Rajesh Kumar
Mining of minerals is a big business in Himachal for obvious lure of lucre behind it. But only the high and mighty wins auctions and walks away with pocketful of profits associated with the trade and not the government, which should ideally be earning the maximum from it.
The government is legitimately the real custodian of the state’s rich resources, but is not given the present lopsided policy on mining, which is depriving it of the trade’s real margins or more aptly the real revenue it could have earned otherwise had the same been realised directly into its own kitty.
As of now, it is slipping into the wrongful pockets of mafiosi – the unchallenged kings of the trade – who are having a heyday under definitive political patronage. Huge profits they make by manipulating the post auction sale of minerals unscrupulously are much bigger in contrast to what the government earns in the form of royalty, which is a modicum of the big money that literally exchanges hands in the black market, where a bigger chunk of minerals is sold out at exorbitant rates.
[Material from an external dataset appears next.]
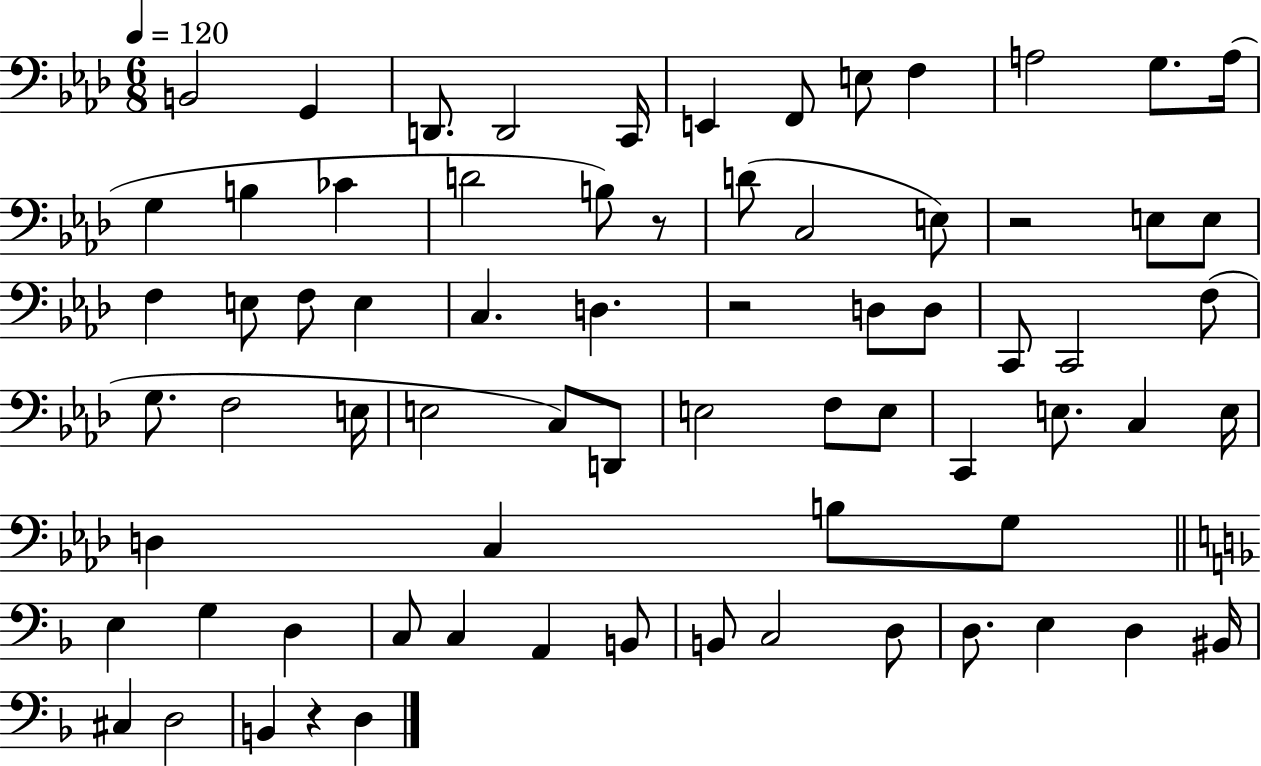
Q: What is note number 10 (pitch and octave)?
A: A3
An obvious nexus that operates on the ground is devouring state’s rich mineral resources meant fundamentally for the people of the state, who must have them at affordable prices, but sadly it is not happening!
Is political will so feeble in our state that no successive government could ever dare inject a potent antidote into the system to countering the poison of corruption that currently flows in its veins? Has the state leadership been sucked-off of all morality, which may succinctly coax it to rise to the issue and do the needful to arresting this open plunder of state resources?
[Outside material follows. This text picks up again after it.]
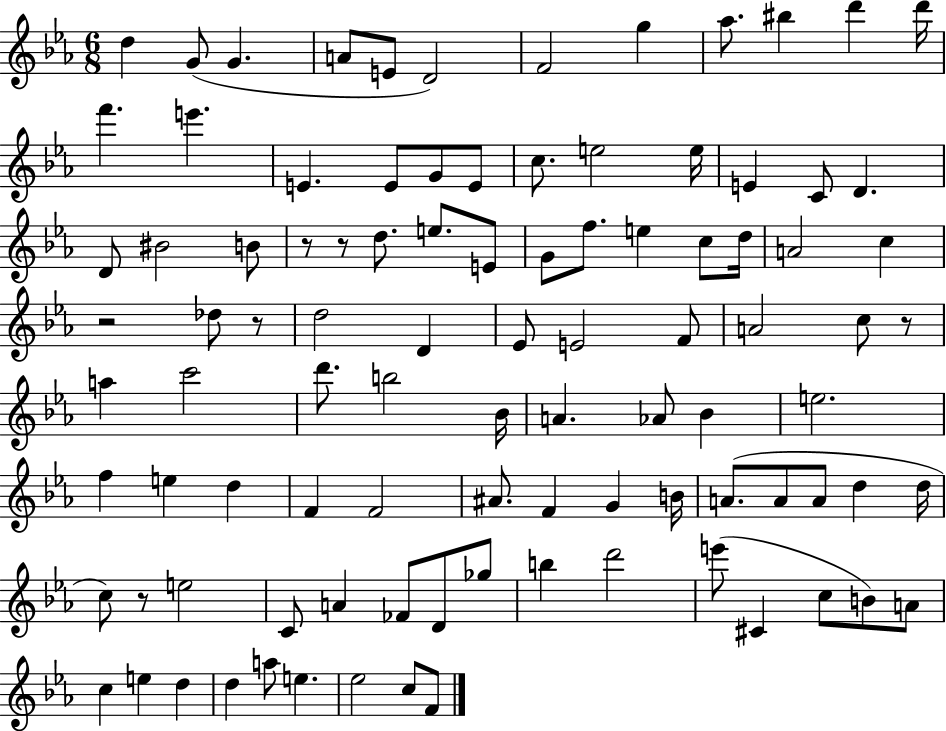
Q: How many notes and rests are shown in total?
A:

It is ironical that on the one side the government cries hoarse of perpetual revenue crunch, while on the other it makes no effort at generating more not even from a sector as lucrative as ‘mining’. If managed prudently through political pragmatism, mining can prove a ‘gold mine’ for the state’s empty coffers. It may not only ramp up revenue generation, but also check effectively black economy, running parallel to the mainstream, from flourishing further.
Our present policy on mining
It entails auctioneering of riverbed sites to contractors on lease for quarrying and in lieu, thereof government earns royalty. Post-auction sale of the quarried materials falls within the purview of contractors, in whose names auction bids are accepted. Approximately, 35 lakh tonnes of sand, gravel and boulders which are put up for open auction in the state annually become their property as long as the lease lasts.
Once modalities are over, the real process of minting money begins and most nefarious games are played out well with impunity. The modus operandi involves creating artificial scarcity of minerals by selling the bulk to adjoining states in connivance with unscrupulous state officials, who though seem to draw their bread and butter from the state they are under oath to serve, are rendering their factual services to the plunderers of the state’s rich resources by becoming their de-facto impresarios. Prices thus escalate exorbitantly much to the chagrin of the local people, who end up paying rates which have now almost trebled or quadrupled.
What may plug the lacuna...
It is time the ruling government walks the talk, bids adieu to the followed procedures that favour contractors more and the government less and puts in place a new methodology. It is high time it sets in a new precedent by changing the oft-repeated dictum ‘Government has no business to be in business’ by making elaborate arrangements for conducting post-auction sale of minerals directly under its own supervision by deputing state officials of unimpeachable integrity on the job.